Os Estados Unidos violaram as Convenções de Genebra ao recorrer à tortura na guerra contra o terrorismo, a ponto de o governo Bush poder ser julgado por crimes de guerra, segundo um livro publicado nesta semana com base num informe secreto da Cruz Vermelha.

Em "O Lado Obscuro", numa tradução livre, da editora Doubledaya, a jornalista Jane Mayer, especialista em questões de inteligência e antiterrorismo da revista New Yorker, apresenta em 392 páginas uma síntese de fatos publicados e outros menos conhecidos sobre o assunto.

"A história interna sobre como a guerra contra o terrorismo se converteu em guerra contra os ideais dos Estados Unidos" menciona entre outras provas um relatório confidencial do Comitê Internacional da Cruz Vermelha (CICV), o qual teve acesso aos depoimentos de quinze suspeitos detidos em Guantánamo.

O relatório do CICV é confidencial, uma vez que a organização considera a discrição necessária para poder dar prosseguimento ao trabalho.

Segundo o livro, a Cruz Vermelha entrevistou 14 prisioneiros e entregou em 2007 seu informe à Agência Central de Inteligência (CIA), que o transmitiu ao presidente George W. Bush e à secretária de Estado Condoleezza Rice.

No caso de Abu Zubayda, o membro da rede terrorista Al-Qaeda mais importante capturado pelos Estados Unidos, a Cruz Vermelha "descreveu o tratamento a que foi submetido, categoricamente de tortura", segundo Jane Mayer.

A Cruz Vermelha "advertiu que o abuso constituiu um crime de guerra, colocando os mais altos dirigentes do Governo dos Estados Unidos em situação de poder serem processados, indicaram fontes ligadas ao informe".

A CIA admitiu que Zubayda havia sido submetido ao "waterboarding", uma técnica de afogamento, que consiste em asfixiar o preso de cabeça para baixo mergulhado em água.

O livro detalha como em Guantánamo (Cuba), Abu Ghraib (Iraque), Afeganistão ou em prisões clandestinas em outros países, os Estados Unidos mantiveram pessoas detidas sem acusações formais e criaram uma espécie de gulag (campo de concentração da extinta União Soviética) para milhares de pessoas, mesmo alguns inocentes; torturou ou fez torturar por terceiros, inclusive na Europa.

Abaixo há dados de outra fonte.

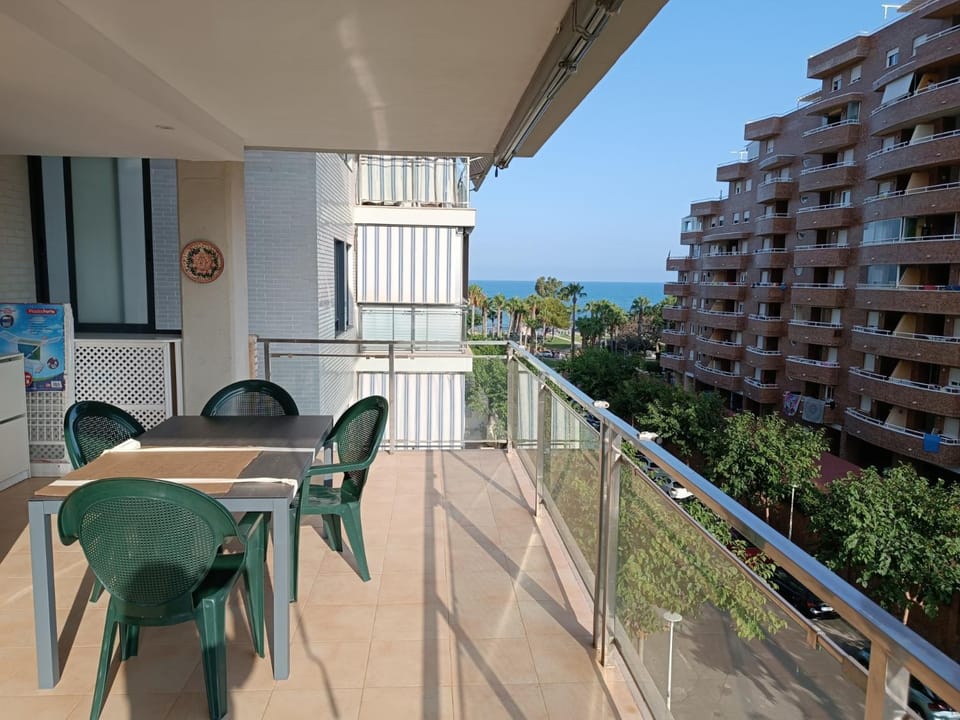 Sea view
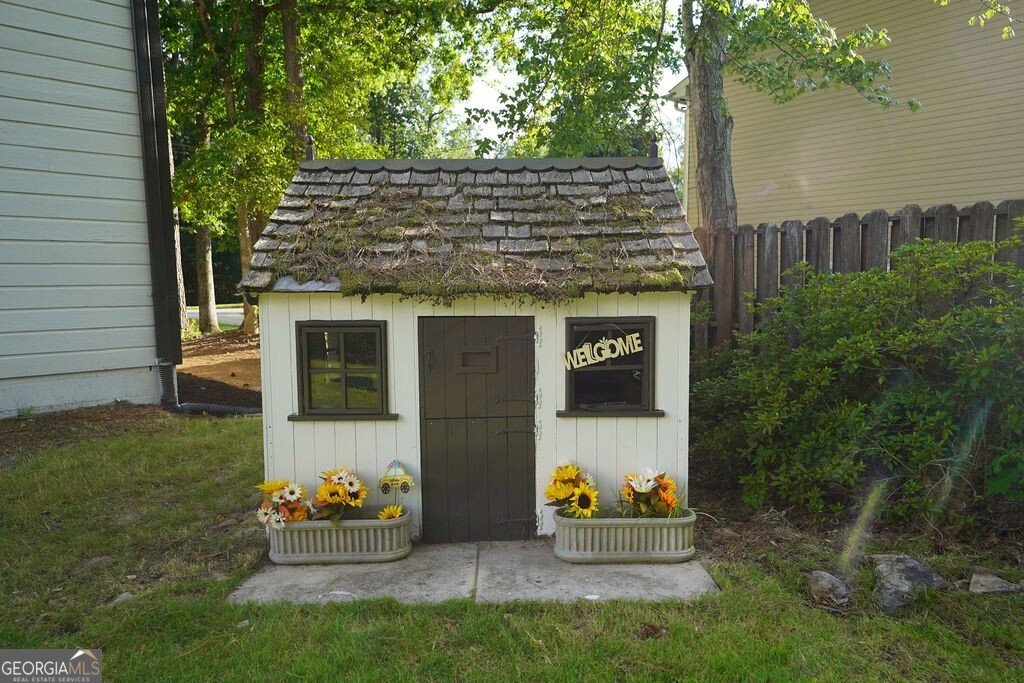 760 Stone Harbor Parkway Marietta - 45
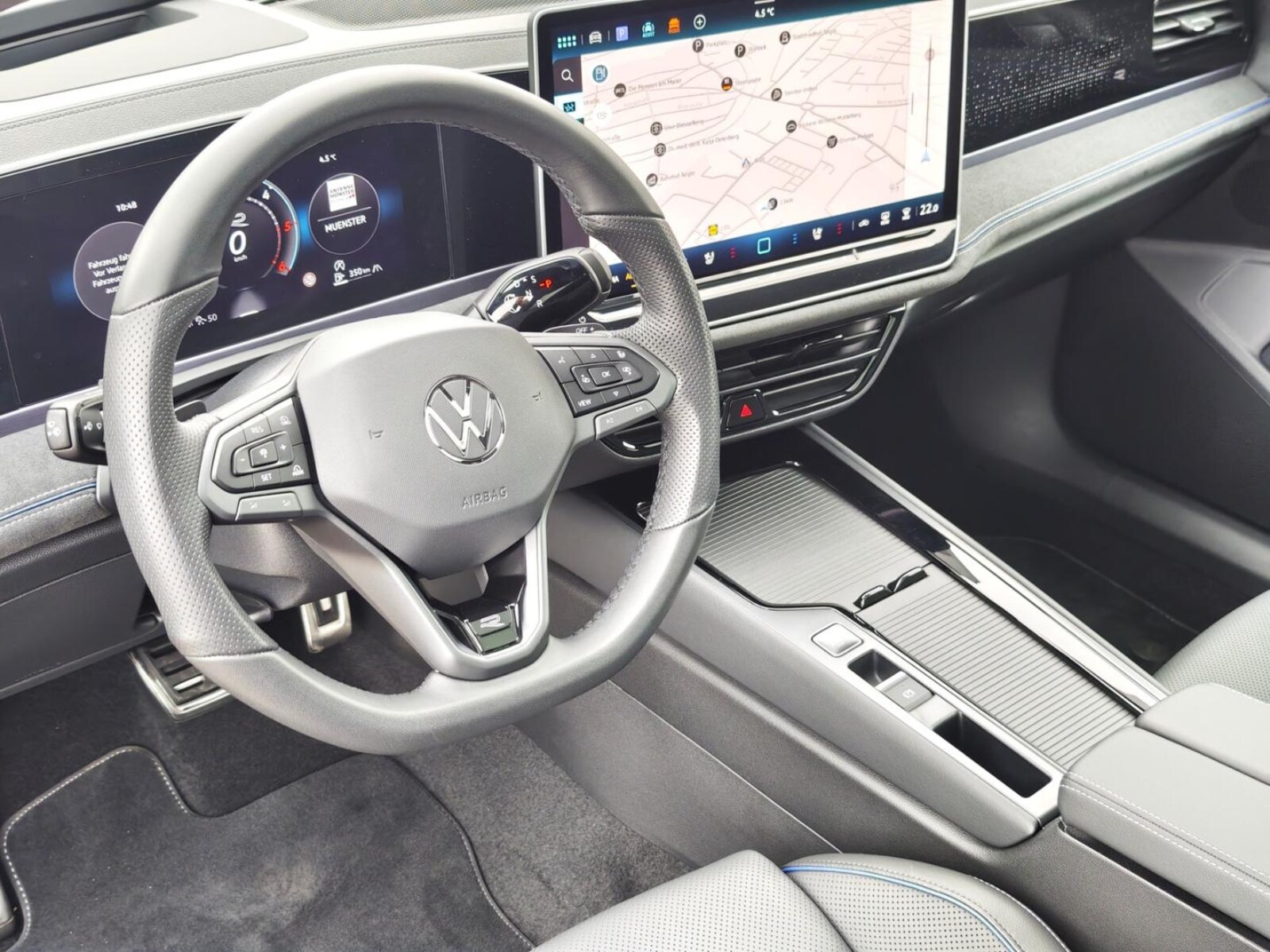 Volkswagen Passat – Bild 8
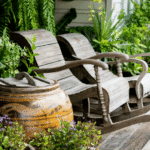 Indoor and Outdoor Greenery Options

Mayer assinala entre os responsáveis o vice-presidente Dick Cheney, a quem apresenta como um homem transformado pelos ataques de 2001 e que conseguia obter qualquer coisa de Bush.

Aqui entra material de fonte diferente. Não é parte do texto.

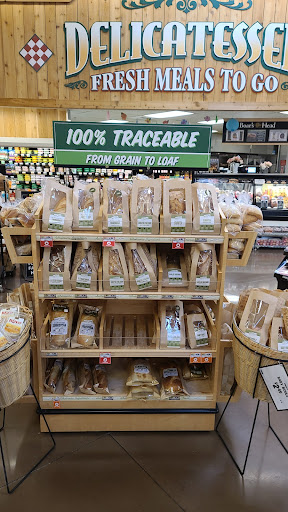 Health Food Store «Sprouts Farmers Market», reviews and photos, 7905 Greenback Ln, Citrus Heights, CA 95610, USA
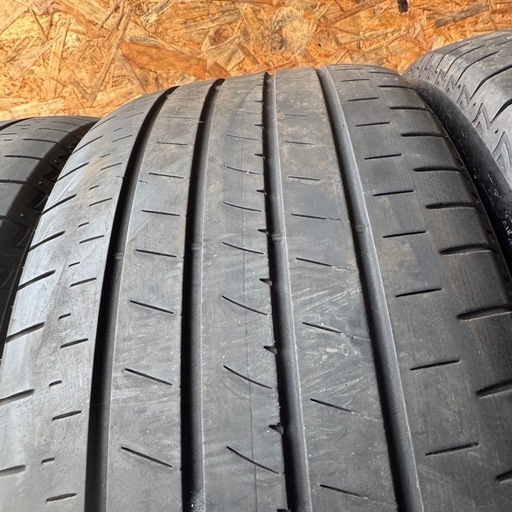 BRIDGESTONE ブリヂストン　ブリジストン　TURANZA T005 235/45R18 夏タイヤ　2020年製　18インチ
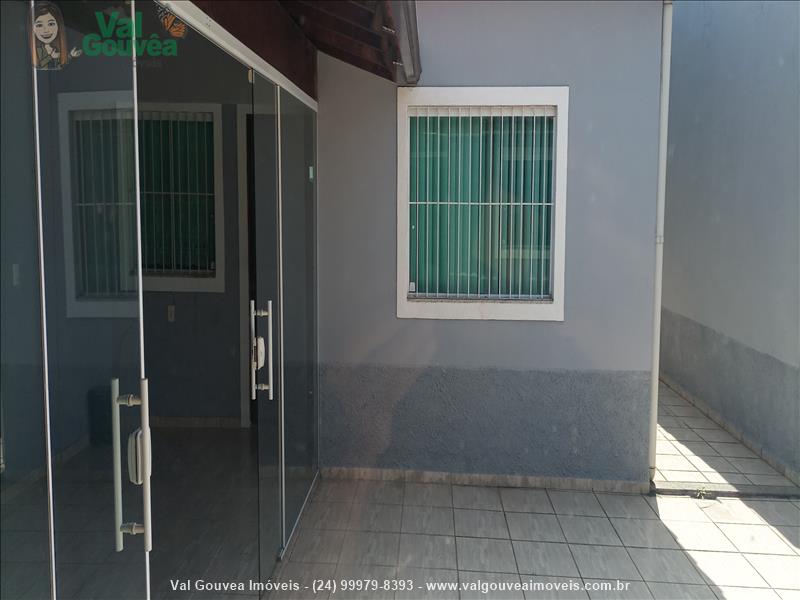 Casa a Venda no Boa Vista II em Resende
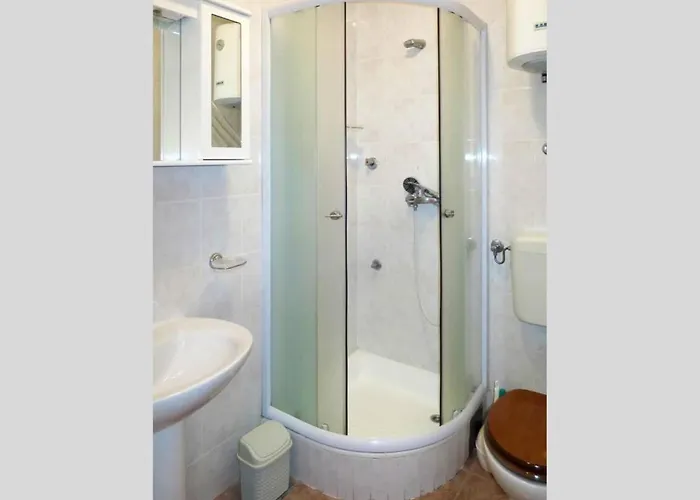 Standard One Bedroom Apartamento *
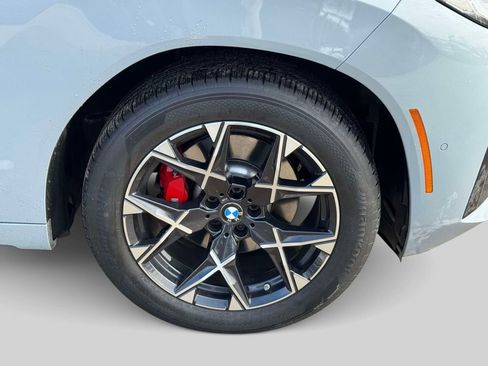New 2025 BMW X3 xDrive30i w/ Premium Package image 5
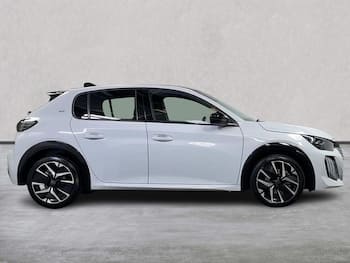 Used Peugeot 208 2026 for sale - 79638096: Photo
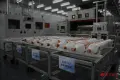 High Speed Indoor Fiber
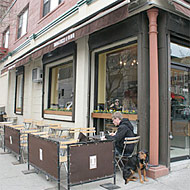 Tarallucci e Vino Will Open Upper West Side Outpost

"Para entender a resposta autodestrutiva da administração Bush ao 11 de setembro, é preciso um olhar para Cheney, o especialista em apocalipse e partidário sem complexos da expansão do poder presidencial".

"Como parte desse proceso, pela primeira vez em sua história, os Estados Unidos instruíram seus funcionários a que impusessem tormentos a seus prisioneiros, convertendo a tortura em lei, sem mencioná-la pelo nome", escreve.

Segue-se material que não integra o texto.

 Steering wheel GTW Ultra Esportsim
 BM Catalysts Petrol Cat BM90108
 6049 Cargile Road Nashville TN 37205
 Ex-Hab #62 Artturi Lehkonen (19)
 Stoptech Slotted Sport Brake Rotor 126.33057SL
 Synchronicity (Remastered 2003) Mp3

A autora destaca que os Estados Unidos se tornaram o primeiro país a justificar violações das convenções de Genebra, firmadas depois da II Guerra mundial e com o original sob custódia do departamento de Estado.

Segundo Mayer, "seria necessária, no entanto, uma ação política para chegar a condenar os membros mais poderosos do governo Bush por tomarem medidas que aprovaram pensando estarem fazendo o melhor para proteger o país".